The ecology and management of the boxelder bug, Boisea trivittata (Say), (Hemiptera: rhopalidae) in the urban environment
The boxelder bug, Boisea trivittata (Say), is a pest because large numbers congregate on and in buildings, causing concern among homeowners. More knowledge of effective insecticides, seasonal abundance of the pest, and concerns of the affected homeowner will help to reduce the impact of the insect in urban areas.
Field-collected adults and nymphs exposed to latex-painted surfaces treated with 0.1% cypermethrin, 1.0% diazinon, 0.25% bendiocarb, 0.25% chlorpyrifos, and 1.0% propetamphos resulted in more than 70% mortality with all insecticides up to 3 d after treatment for adults, and 7 d after treatment for medium-and large-sized nymphs.
Fewer than 50% of homeowners surveyed thought boxelder bugs were a serious pest. Homeowners had little knowledge about the source of infestations from host trees. Residents reported spending $22.42 (median) to control boxelder bugs, but were willing to spend $45.00 (median). Residents tolerated more bugs outside (median=63) than they would inside (median=8) their house.

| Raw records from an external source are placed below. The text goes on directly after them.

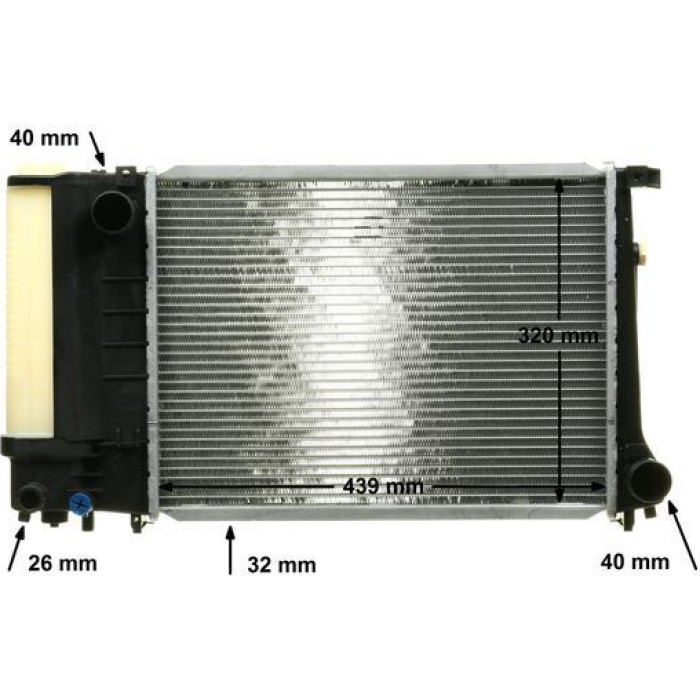 MAHLE Kühler, Motorkühlung CR 495 000P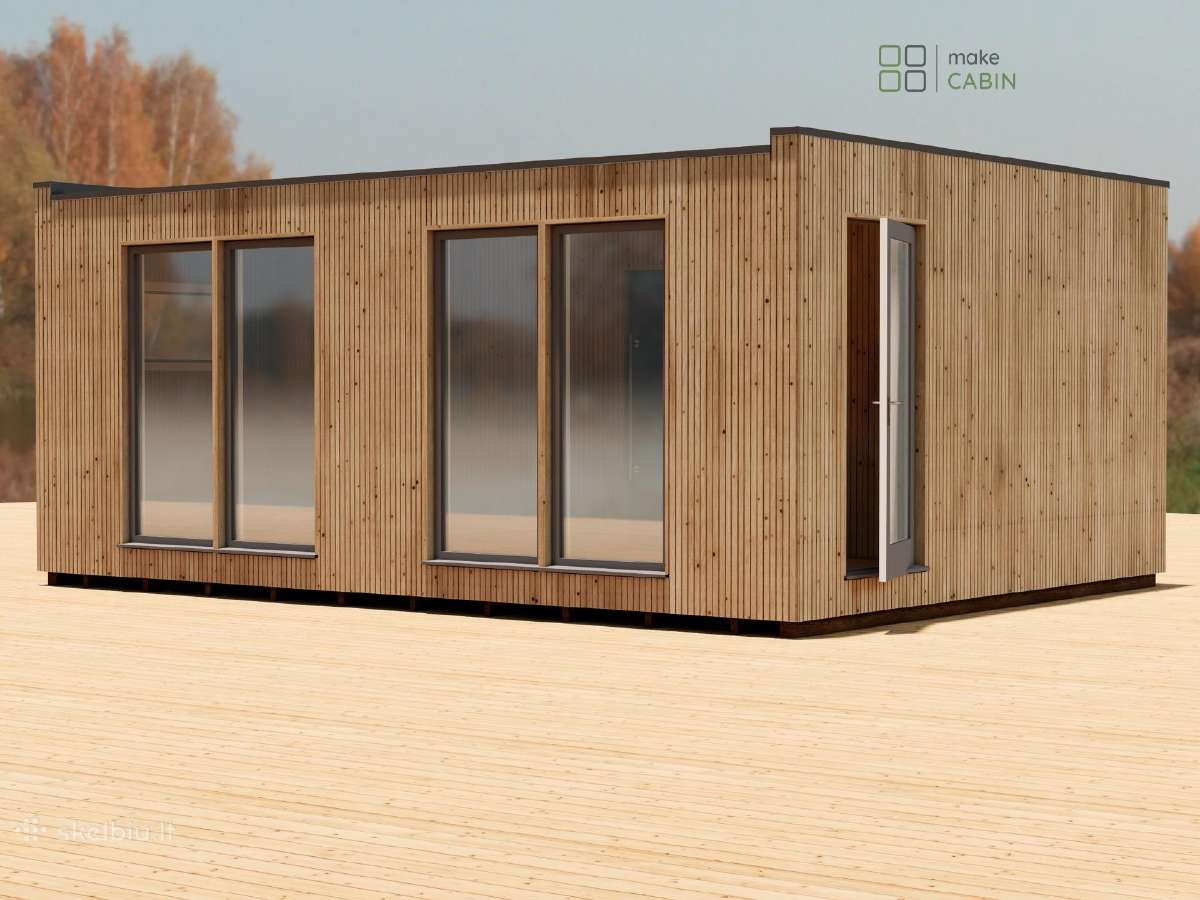 30 m² pirtis su vonia ir priepirčiu, jau pagaminta - nuotraukos Nr. 4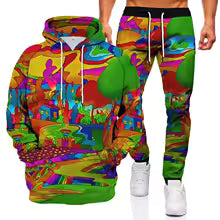 Ink Graffiti 3D Printed Hoodie and Sweatpants Set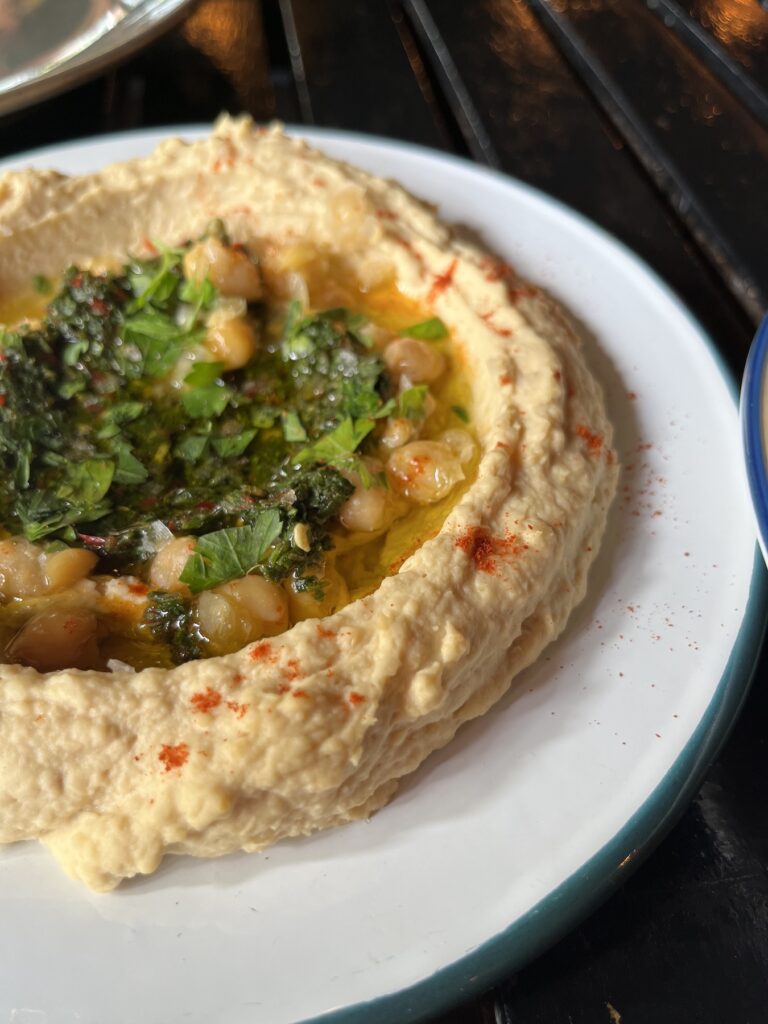 papa ganoush whitley bay hummus
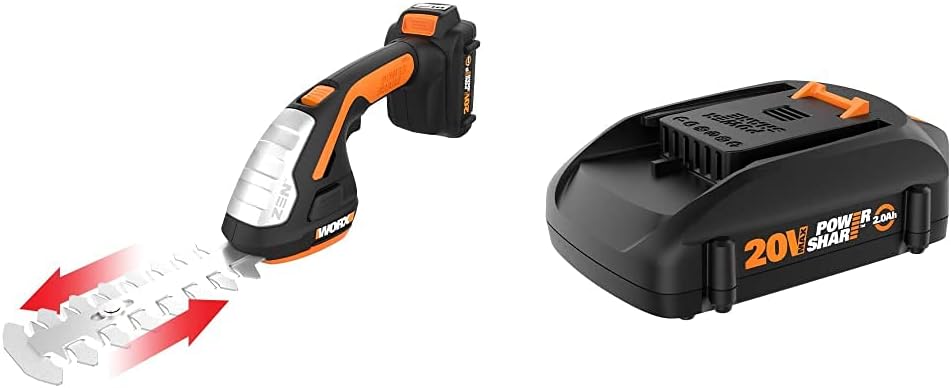 20V Cordless Shear and 8" Shrubber Trimmer Pack of 2 S7129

From April to December, 1988, boxelder bug populations were sampled outdoors in urban areas. First generation nymph and adult populations peaked during June and July. Fall generation nymph and adult populations were abundant on the ground and trees from August to September, but not on residences. Movement to the ground and surfaces of buildings occurred in October, and adults peaked in numbers in mid November.
Temperature profiles on residences and behavioral observations indicated that boxelder bugs found on host trees orient toward sunlight; adults were found in greater numbers on surfaces with higher mean temperatures than other substrates.